# Record excerpts
*** Block opens ***

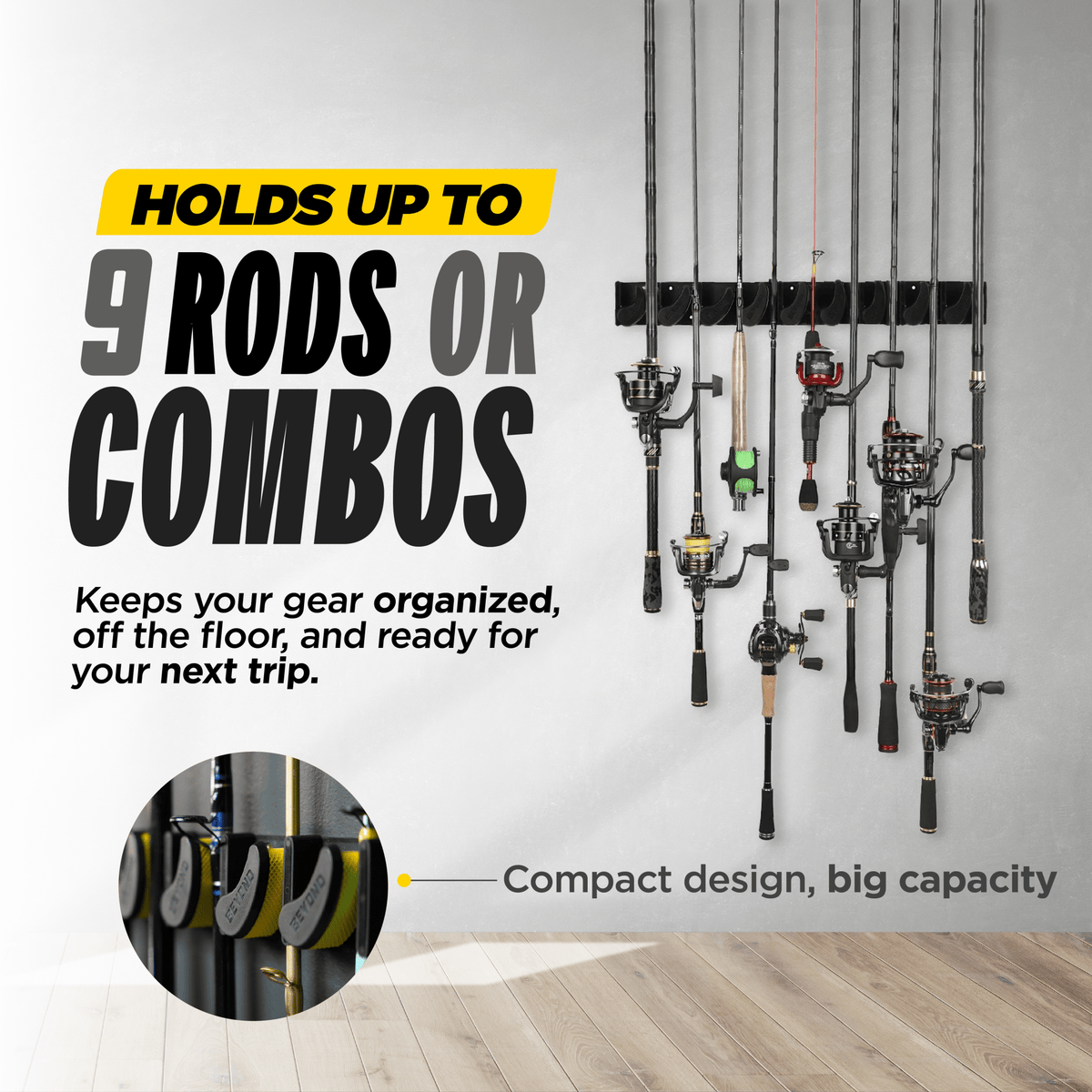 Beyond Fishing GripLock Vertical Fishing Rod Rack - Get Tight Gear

*** Block closes ***
*** Block opens ***

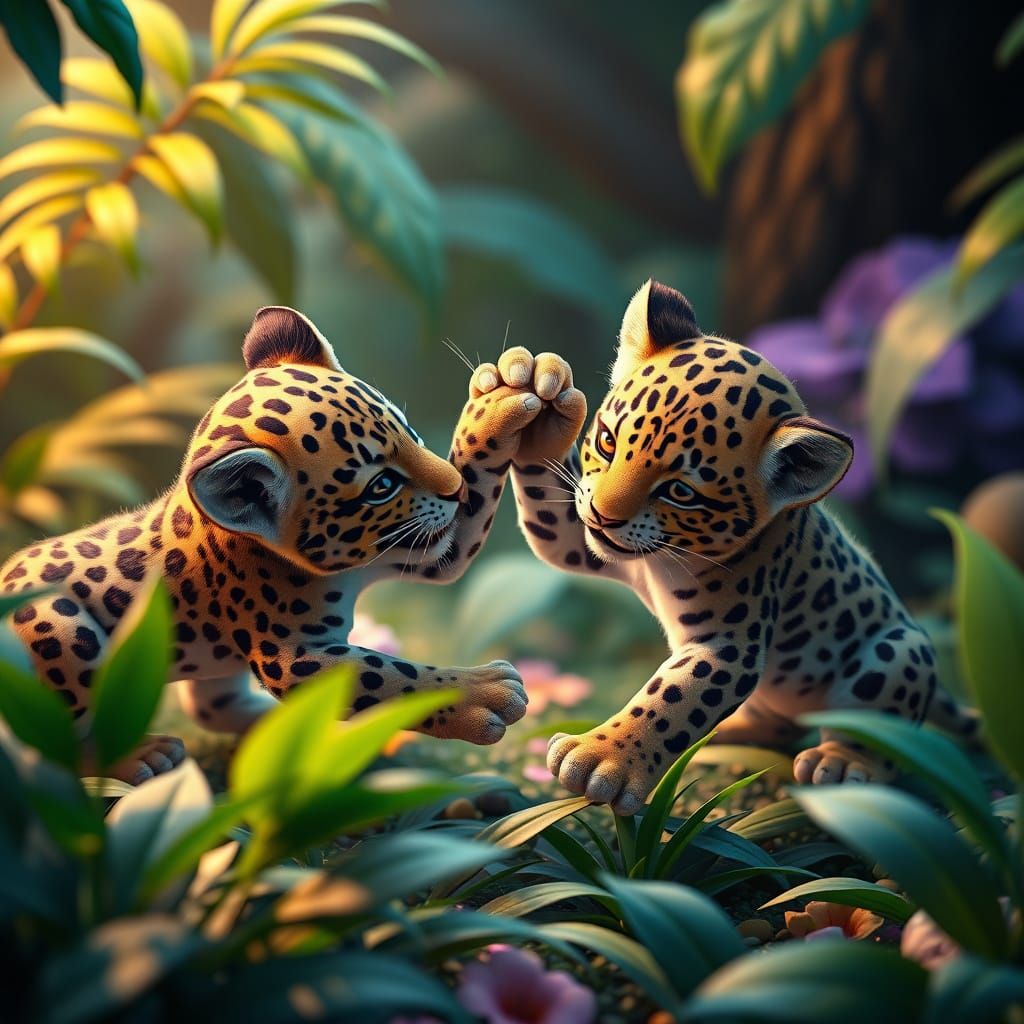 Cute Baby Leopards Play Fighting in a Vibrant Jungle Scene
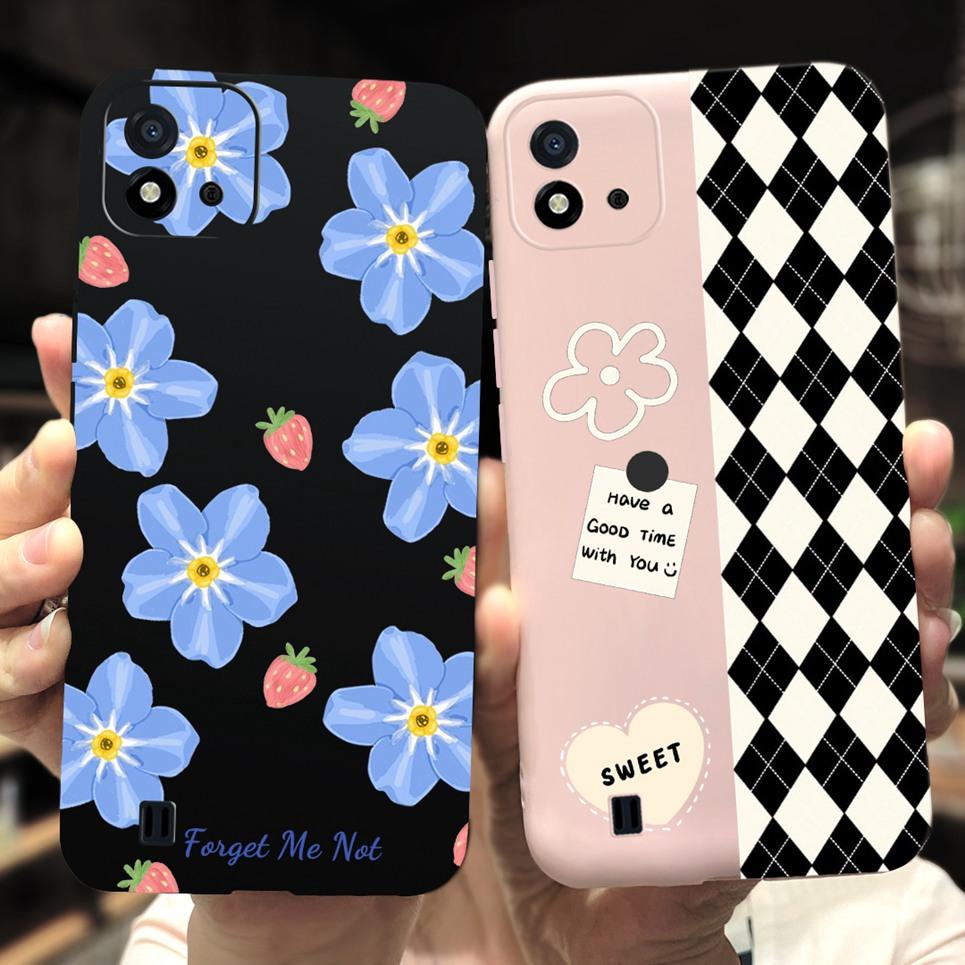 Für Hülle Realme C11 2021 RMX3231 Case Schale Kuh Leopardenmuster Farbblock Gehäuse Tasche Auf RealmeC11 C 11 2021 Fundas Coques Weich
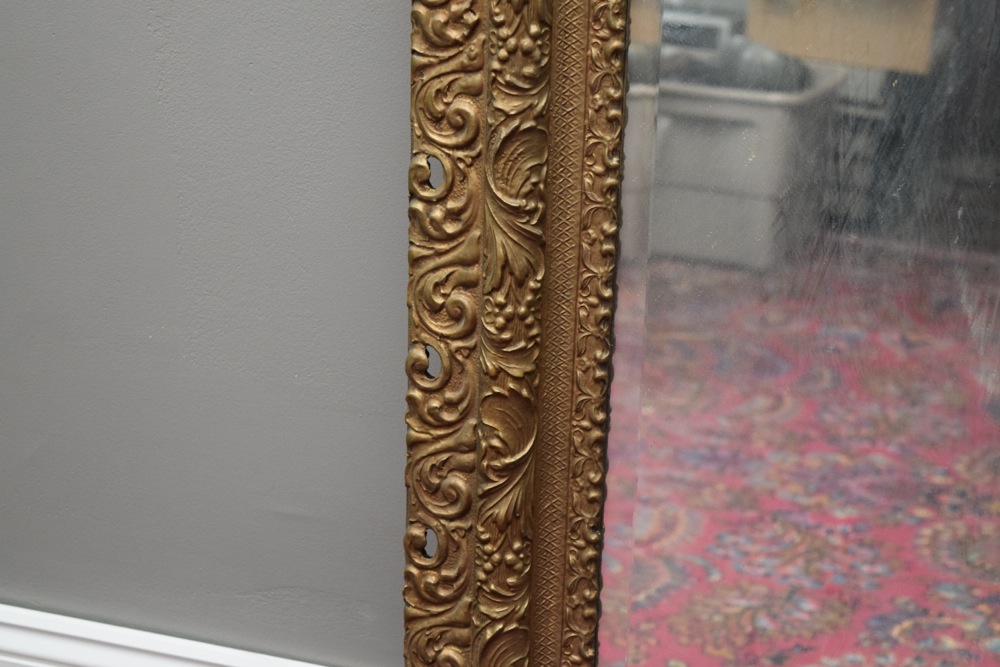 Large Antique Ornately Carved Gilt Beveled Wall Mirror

*** Block closes ***

# About this task
Repeat exactly the lines above, from the line that contains "Cute Baby Leopards" down through the line that contains "Large Antique Ornately". Include both of those lines and none of the pictures.

# Response
 Cute Baby Leopards Play Fighting in a Vibrant Jungle Scene
 Für Hülle Realme C11 2021 RMX3231 Case Schale Kuh Leopardenmuster Farbblock Gehäuse Tasche Auf RealmeC11 C 11 2021 Fundas Coques Weich
 Large Antique Ornately Carved Gilt Beveled Wall Mirror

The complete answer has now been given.